***** Available data
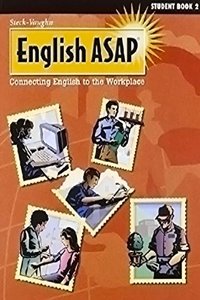 Steck-Vaughn English ASAP: Teacher's Edition (Level 2) 1999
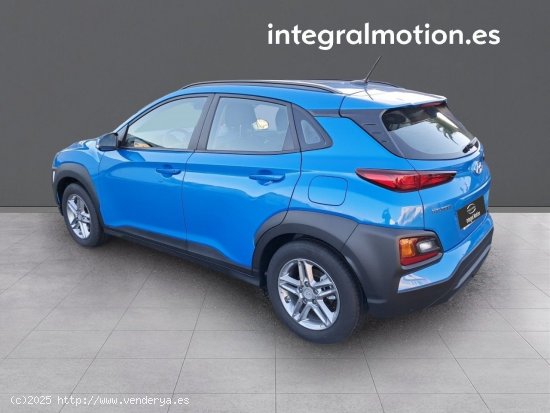 Hyundai Kona 1.0 TGDI Klass 4X2 - Burela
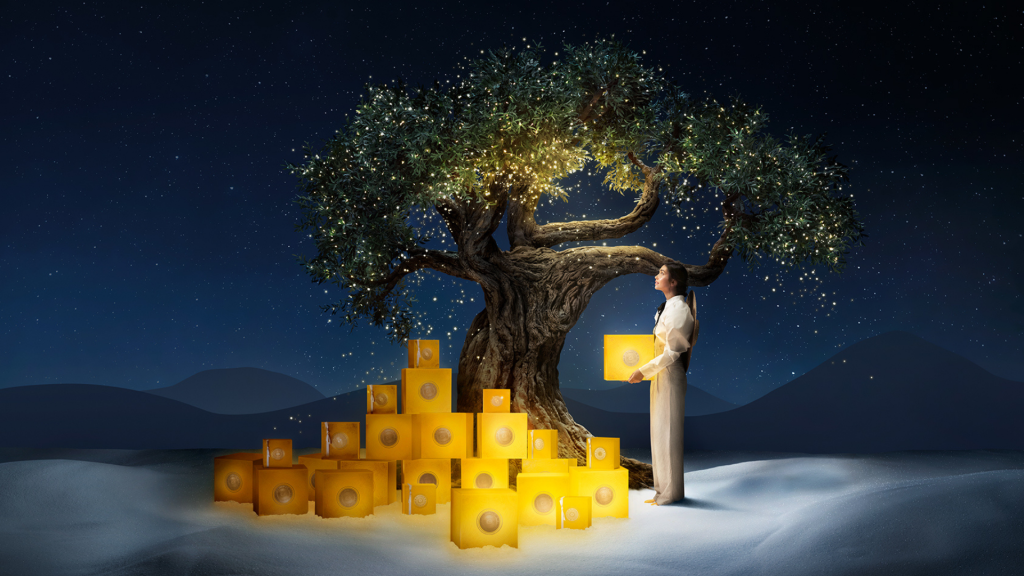 L’Occitane The Light Catcher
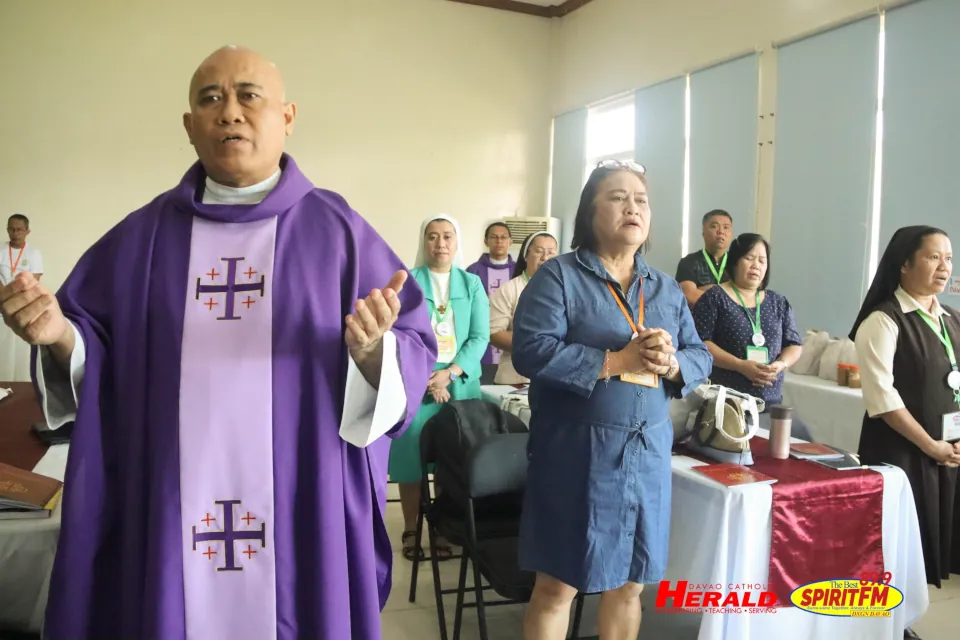 DADITAMA Meeting and Recollection 2024 Mergrande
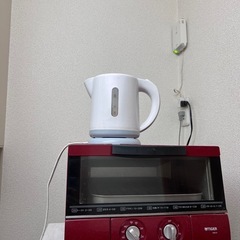 無料　電気ケトル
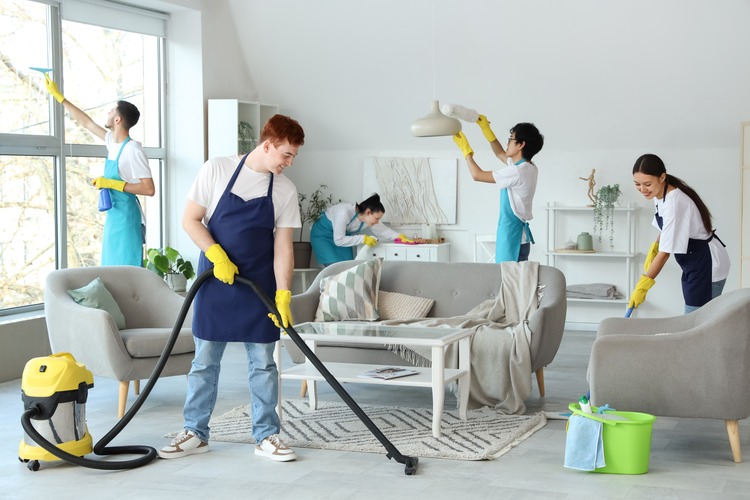 Home Cleaning Services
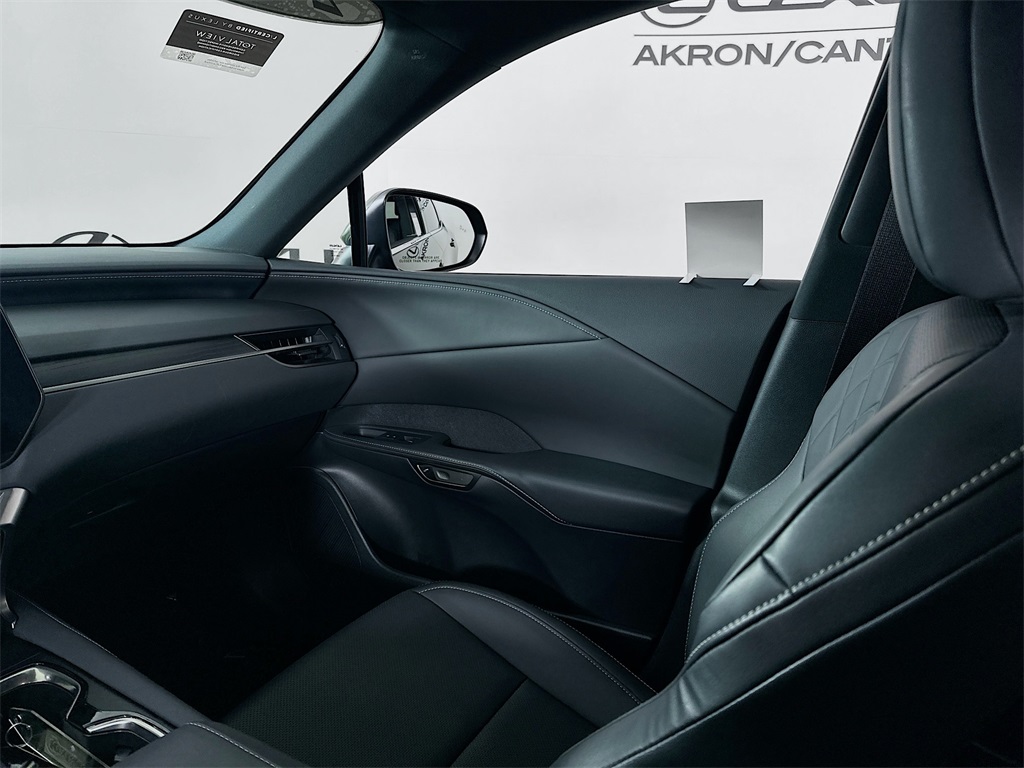 used 2023 Lexus RX car, priced at $47,990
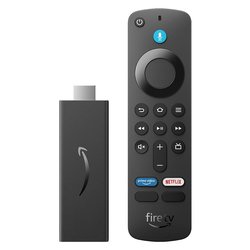 Media box FIRE TV STICK HD Gen 3 Black B0CQMWQDH4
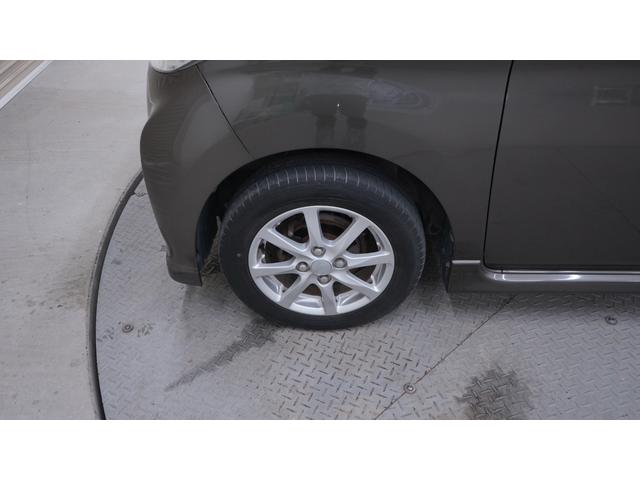 タント カスタムＸ　禁煙車　社外ナビ　地デジＴＶ　Ｂｌｕｅｔｏｏｔｈ　パワースライドドア　ＨＩＤヘッドライト　ＥＴＣ　キーフリー　ＡＵＴＯエアコン　ミラクルオープンドア　ベンチシート　アームレスト　純正１４インチアルミ（65枚目）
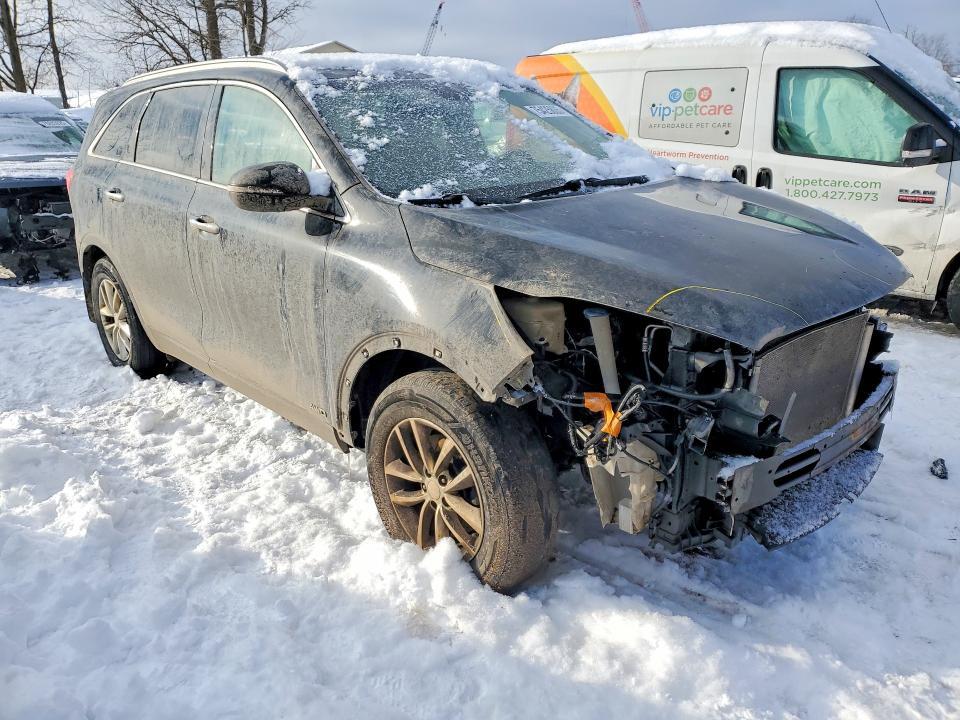 2017 KIA Sorento lx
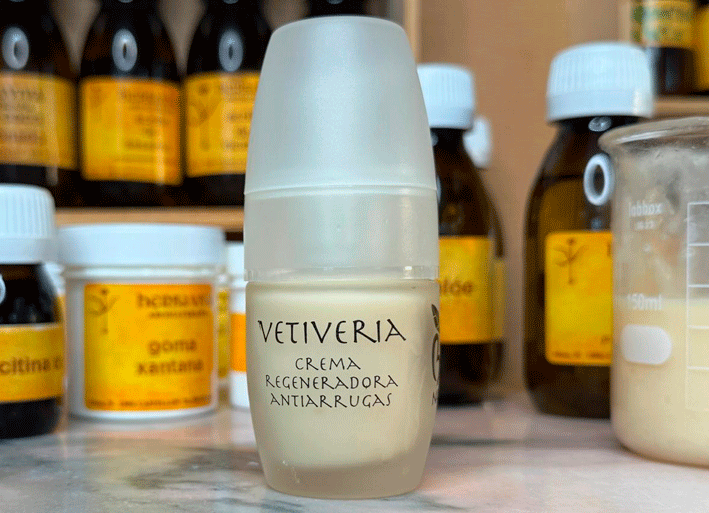 Crema regeneradora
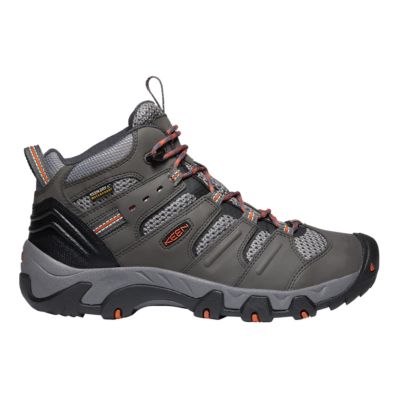 mens mid hiking shoes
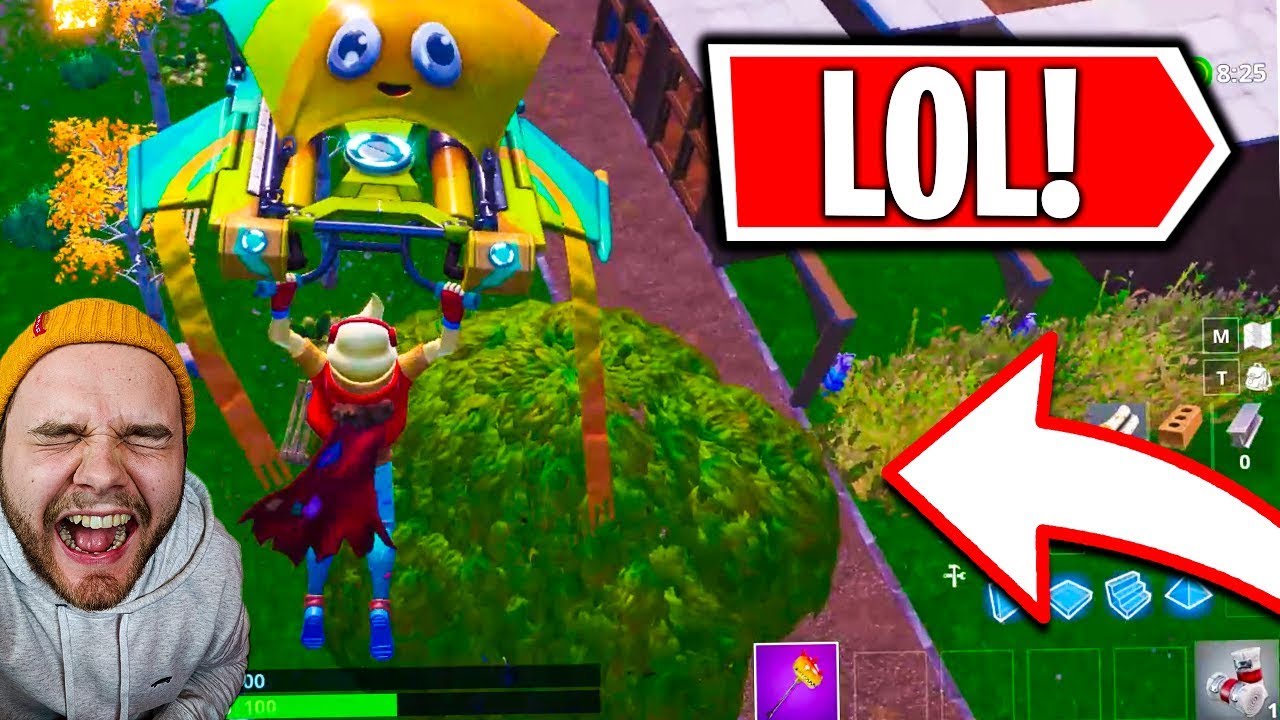 Hittar BÄSTA Gömstället i Fortnite Hide And Seek!! (Fortnite Creative)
**********
__Work to be completed__
Only an exact copy belongs in the answer: the lines from the one containing "L’Occitane The Light Catcher" through the end of the records, both ends included, minus the pictures.

__Solution to the problem__
 L’Occitane The Light Catcher
 DADITAMA Meeting and Recollection 2024 Mergrande
 無料　電気ケトル
 Home Cleaning Services
 used 2023 Lexus RX car, priced at $47,990
 Media box FIRE TV STICK HD Gen 3 Black B0CQMWQDH4
 タント カスタムＸ　禁煙車　社外ナビ　地デジＴＶ　Ｂｌｕｅｔｏｏｔｈ　パワースライドドア　ＨＩＤヘッドライト　ＥＴＣ　キーフリー　ＡＵＴＯエアコン　ミラクルオープンドア　ベンチシート　アームレスト　純正１４インチアルミ（65枚目）
 2017 KIA Sorento lx
 Crema regeneradora
 mens mid hiking shoes
 Hittar BÄSTA Gömstället i Fortnite Hide And Seek!! (Fortnite Creative)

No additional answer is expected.